---- SOURCE MATERIAL

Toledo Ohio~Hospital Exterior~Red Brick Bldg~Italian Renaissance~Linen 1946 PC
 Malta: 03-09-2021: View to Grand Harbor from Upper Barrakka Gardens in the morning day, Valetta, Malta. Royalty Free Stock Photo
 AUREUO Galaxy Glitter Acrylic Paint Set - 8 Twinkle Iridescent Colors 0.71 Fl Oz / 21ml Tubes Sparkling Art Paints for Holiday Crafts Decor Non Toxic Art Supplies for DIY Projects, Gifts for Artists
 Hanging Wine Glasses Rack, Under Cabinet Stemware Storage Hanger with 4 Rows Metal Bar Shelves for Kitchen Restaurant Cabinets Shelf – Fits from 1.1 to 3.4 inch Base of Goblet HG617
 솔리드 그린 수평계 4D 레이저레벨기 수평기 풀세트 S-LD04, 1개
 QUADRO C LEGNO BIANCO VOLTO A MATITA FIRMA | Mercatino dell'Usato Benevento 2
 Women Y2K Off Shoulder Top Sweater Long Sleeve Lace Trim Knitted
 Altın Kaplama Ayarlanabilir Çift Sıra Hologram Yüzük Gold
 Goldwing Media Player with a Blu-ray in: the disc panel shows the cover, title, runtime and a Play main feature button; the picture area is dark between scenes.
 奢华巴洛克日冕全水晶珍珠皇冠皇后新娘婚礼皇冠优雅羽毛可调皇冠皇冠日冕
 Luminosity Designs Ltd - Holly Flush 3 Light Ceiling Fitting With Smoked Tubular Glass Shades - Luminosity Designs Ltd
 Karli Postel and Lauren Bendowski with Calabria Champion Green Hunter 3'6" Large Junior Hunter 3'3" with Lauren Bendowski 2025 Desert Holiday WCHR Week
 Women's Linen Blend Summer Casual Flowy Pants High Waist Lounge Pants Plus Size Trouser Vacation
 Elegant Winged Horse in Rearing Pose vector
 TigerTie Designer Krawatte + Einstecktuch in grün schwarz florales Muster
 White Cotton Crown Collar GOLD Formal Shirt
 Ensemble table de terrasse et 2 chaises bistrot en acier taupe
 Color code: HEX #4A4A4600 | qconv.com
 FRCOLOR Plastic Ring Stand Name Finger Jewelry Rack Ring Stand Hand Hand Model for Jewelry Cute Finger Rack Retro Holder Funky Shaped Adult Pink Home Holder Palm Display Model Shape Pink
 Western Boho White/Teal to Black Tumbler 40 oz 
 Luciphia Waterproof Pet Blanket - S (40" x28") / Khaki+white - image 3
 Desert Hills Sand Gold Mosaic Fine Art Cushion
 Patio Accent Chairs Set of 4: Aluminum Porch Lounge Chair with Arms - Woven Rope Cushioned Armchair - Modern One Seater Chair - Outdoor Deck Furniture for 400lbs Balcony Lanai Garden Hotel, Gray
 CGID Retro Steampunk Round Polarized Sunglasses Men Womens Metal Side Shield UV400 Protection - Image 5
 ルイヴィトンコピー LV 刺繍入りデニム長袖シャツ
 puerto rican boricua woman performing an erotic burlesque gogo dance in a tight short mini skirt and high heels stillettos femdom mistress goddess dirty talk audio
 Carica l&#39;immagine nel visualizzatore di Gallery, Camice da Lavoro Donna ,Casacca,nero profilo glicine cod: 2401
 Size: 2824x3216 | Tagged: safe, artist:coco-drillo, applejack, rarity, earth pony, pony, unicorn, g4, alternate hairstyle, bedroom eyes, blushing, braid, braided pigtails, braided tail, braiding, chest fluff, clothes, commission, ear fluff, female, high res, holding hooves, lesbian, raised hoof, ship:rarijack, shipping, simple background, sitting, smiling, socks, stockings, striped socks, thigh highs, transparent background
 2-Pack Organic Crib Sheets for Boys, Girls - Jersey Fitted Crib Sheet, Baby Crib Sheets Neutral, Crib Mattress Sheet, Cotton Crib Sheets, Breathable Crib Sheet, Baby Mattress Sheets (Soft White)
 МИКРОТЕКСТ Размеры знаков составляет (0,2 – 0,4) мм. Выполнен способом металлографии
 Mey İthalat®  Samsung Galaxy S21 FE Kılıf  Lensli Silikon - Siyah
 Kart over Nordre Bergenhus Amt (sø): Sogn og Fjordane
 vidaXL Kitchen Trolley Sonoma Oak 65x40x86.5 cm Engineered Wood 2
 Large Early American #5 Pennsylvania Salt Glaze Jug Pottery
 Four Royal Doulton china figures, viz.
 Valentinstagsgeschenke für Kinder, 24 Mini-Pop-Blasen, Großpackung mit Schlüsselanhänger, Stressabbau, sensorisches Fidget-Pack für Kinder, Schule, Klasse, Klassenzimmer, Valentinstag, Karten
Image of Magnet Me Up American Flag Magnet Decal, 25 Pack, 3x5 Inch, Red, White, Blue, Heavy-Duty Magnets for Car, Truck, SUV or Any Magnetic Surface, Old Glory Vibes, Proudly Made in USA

--------

▶ [YOUR TASK] The answer must be the number of lines in the records where the string "Size" is found, stated alone.

▶ [EXPECTED ANSWER] 2